Sharpen your design skills and nerd out with some of my favorite design books:

The Anatomy of Type by Stephen Coles

Ever want to learn all those nerdy words about type? Develop your typographic eye with visual diagrams of letters and come away with vocabulary like “shoulder”, “tail”, and “aperture” to describe typefaces. The book examines 100 typefaces and their full character sets, annotating key features and anatomical details that make them distinct. Learn to separate Humanist Sans from Gothic Sans and how different styles can impact designs when choosing a typeface.

Thinking with Type by Ellen Lupton

More concerned with type decisions like layout, font type, size, alignment, and spacing? Thinking with Type zooms out from the anatomy of a character and provides guidance for working with typography—whether on the page or the screen. Lupton provides key design principles to guide your decisions as a designer working with type.

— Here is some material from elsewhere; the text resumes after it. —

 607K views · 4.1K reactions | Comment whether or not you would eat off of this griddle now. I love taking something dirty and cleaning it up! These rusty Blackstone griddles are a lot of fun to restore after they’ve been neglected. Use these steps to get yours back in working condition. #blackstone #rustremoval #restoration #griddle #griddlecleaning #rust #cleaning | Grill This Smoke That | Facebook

Design for Hackers by David Kadavy

As a user experience designer, I often work with folks who are not designers, but who want to better understand design as a discipline without jumping into the deep end. This book is a great 101-style, high-level overview of things like proportion, color theory, composition, typography and other Big Topics designers concern themselves with, but in a highly digestible, skimmable format. It’s a great book to use as a jumping off point for deeper study.

In Progress by Jessica Hische

You’ve probably seen Jessica Hische’s lettering work before on movie posters, Wes Anderson film credits, Penguin Classics books, postage stamps, or Starbucks and Target gift cards. In this book, she shares her creative and technical processes for lettering and vectorizing hand-drawn letters. Loaded with images from pencil sketch to computer screen, this one’s essential for understanding how to move from concept to vectorized file efficiently without losing the magic that makes hand-drawn lettering special.

Design of Everyday Things by Donald Norman

Design isn’t just how something looks, but how it works, how it’s used, and how humans interact with it. This book will forever change perceptions of your designed surroundings. For example, have you ever pulled a door handle only to discover it’s a “push” door with a label that says so? That’s a “Norman Door” (named for this book’s author). You made the mistake not because you weren’t paying attention, but because the door’s design was bad. You’ll never look at doors the same way again!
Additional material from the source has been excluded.